Even as the legislative session charged ahead, the political season was in full swing, as Florida’s winner-take-all presidential primary on March 15 drew closer. Lending a little bit of clarity to the crowded field was the withdrawal of former Gov. Jeb Bush, which left the state with one favorite son: U.S. Sen. Marco Rubio.

“Most Floridians, at least in the political world, supported Governor Bush and now, I suppose, will endorse Marco Rubio,” said J.M. “Mac” Stipanovich, a lobbyist and longtime Bush adviser.

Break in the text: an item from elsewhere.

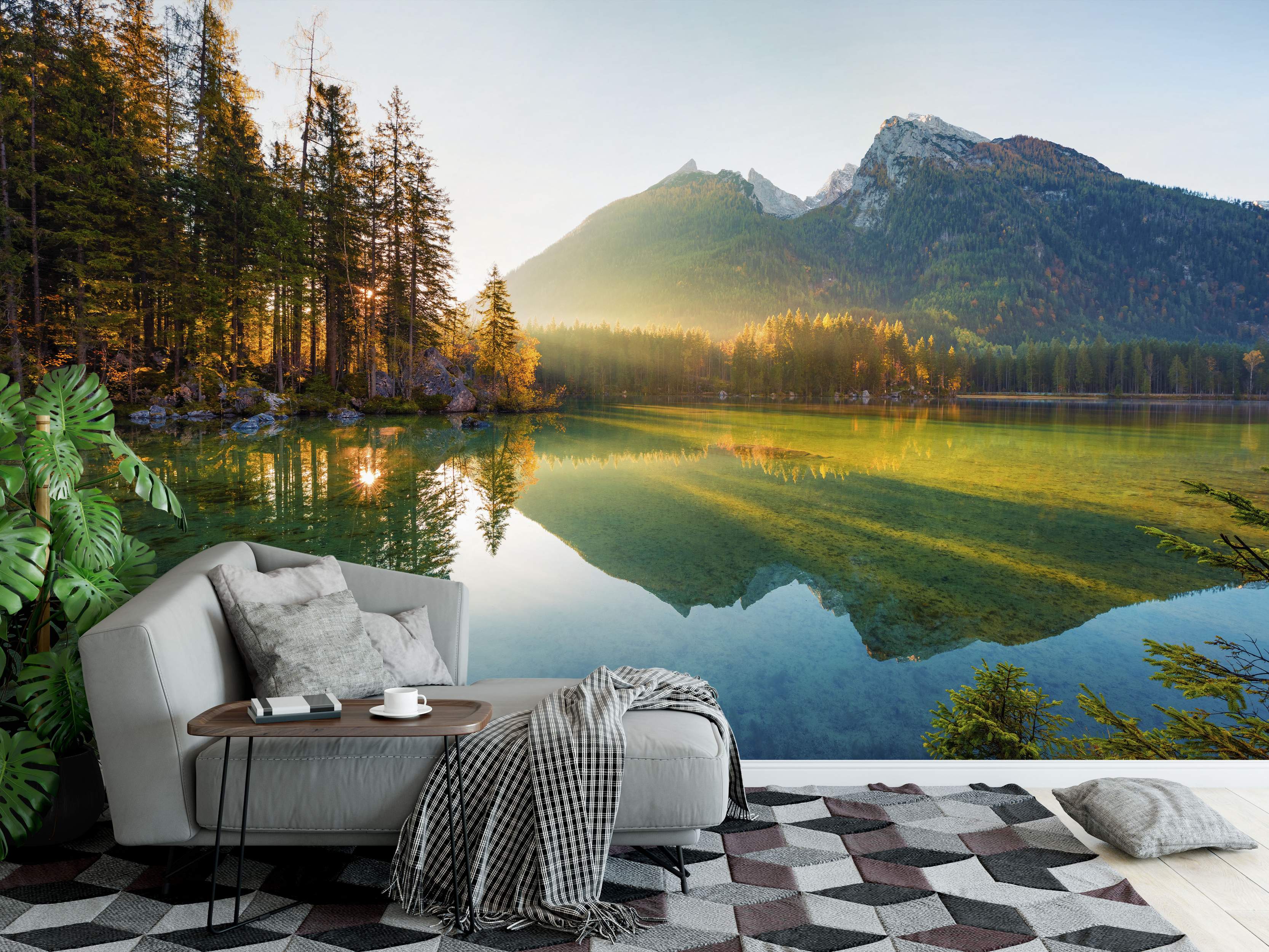 Realistic mural of a sunlit mountain range and autumn forest reflecting perfectly in a tranquil green and blue lake.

A few days after Stipanovich said that, Rubio rolled out the endorsements of more than 80 high-profile Florida Republicans, including Lt. Gov. Carlos Lopez-Cantera, Chief Financial Officer Jeff Atwater, Agriculture Commissioner Adam Putnam and state House Speaker Steve Crisafulli, R-Meritt Island.

Not on the list was Gov. Rick Scott, who has largely steered clear of taking sides in the presidential primary. But Scott has had kind words for real estate tycoon Donald Trump, the GOP front-runner, and that led to speculation from a Washington Post political blogger that Scott could be on the mogul’s short list for vice president.

Scott shrugged off the rumors.

“What I’m focused on is my job here,” Scott told a television reporter after speaking at the Take Stock for Children breakfast at the Double Tree Hotel in Tallahassee.”I’ve got three years left in this job.”

The latest poll still showed Trump in front in the Sunshine State. A survey from Quinnipiac University showed Trump with 44 percent of the vote among likely primary voters, to 28 percent for Rubio. U.S. Sen. Ted Cruz of Texas had 12 percent, Ohio Gov. John Kasich drew 7 percent and physician Ben Carson claimed 4 percent.

“If Sen. Rubio can’t win in his own home state, it is difficult to see how he can win elsewhere,” Peter Brown, assistant director of the poll, said in a prepared statement accompanying the survey results

Rubio’s campaign insisted that the senator would win his home state and with it, 99 delegates — almost one twelfth of the number necessary to claim the GOP nomination.

STORY OF THE WEEK: As negotiations continued on the budget, lawmakers began moving towards resolution on other issues with time running out on the 2016 legislative session.

QUOTE OF THE WEEK: “Once again, you’re loading it down as if that carrot is going to be enough to get us to swallow a stick, and I’m not swallowing the stick today.”—Rep. Joe Geller, D-Aventura, on a pensions bill that combined measures Democrats like and dislike.